Available data
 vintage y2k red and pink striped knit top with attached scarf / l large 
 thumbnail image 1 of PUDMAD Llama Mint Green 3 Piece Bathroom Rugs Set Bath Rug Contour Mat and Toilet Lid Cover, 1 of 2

* * *

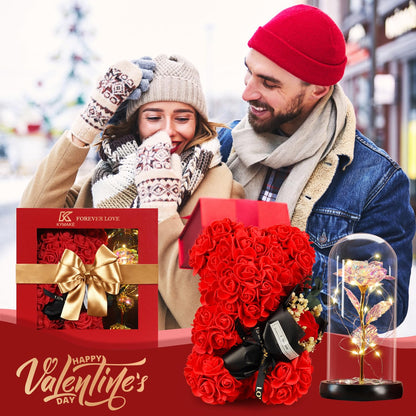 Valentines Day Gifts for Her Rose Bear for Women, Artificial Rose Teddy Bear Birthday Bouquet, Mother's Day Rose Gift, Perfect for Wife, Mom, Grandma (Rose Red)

--

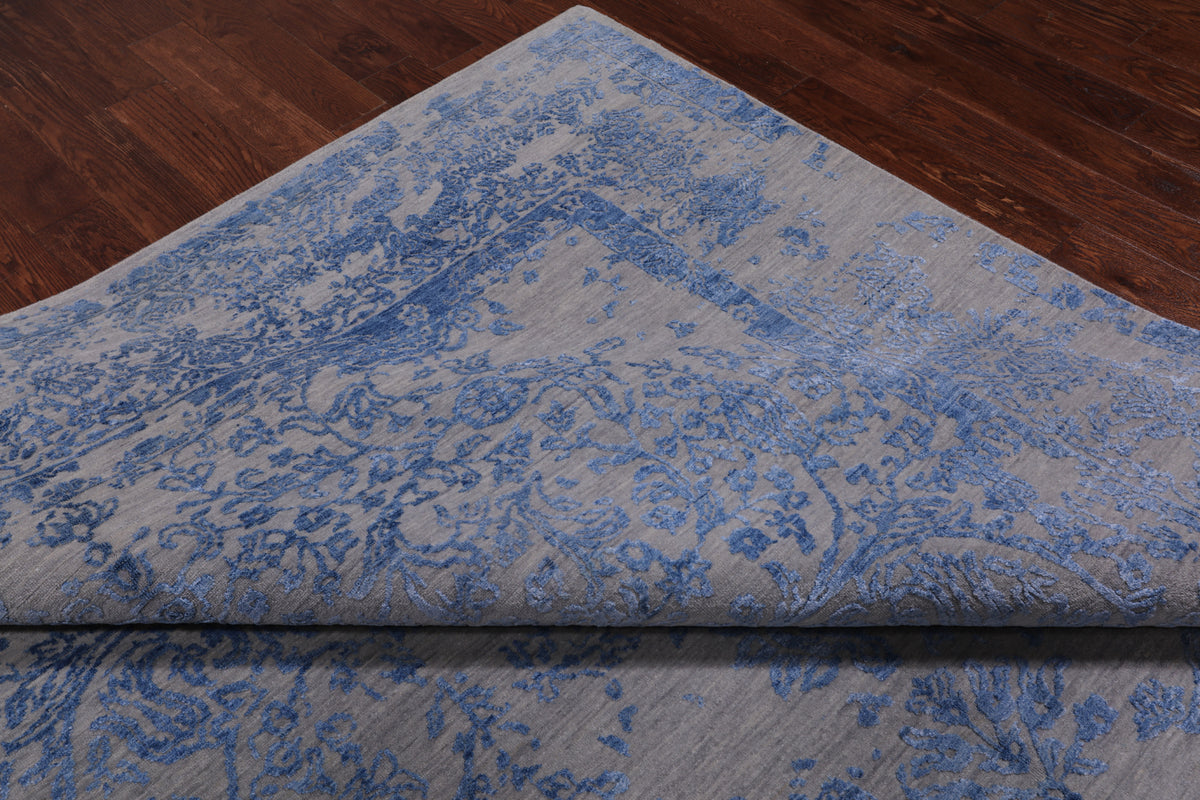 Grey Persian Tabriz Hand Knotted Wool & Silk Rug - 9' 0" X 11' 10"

What the task requires
Going back to the entries above, set down exactly the lines that begin at the one with "vintage y2k red" and end at the one with "thumbnail image 1", both included, and nothing else.

Solved exercise
 vintage y2k red and pink striped knit top with attached scarf / l large 
 thumbnail image 1 of PUDMAD Llama Mint Green 3 Piece Bathroom Rugs Set Bath Rug Contour Mat and Toilet Lid Cover, 1 of 2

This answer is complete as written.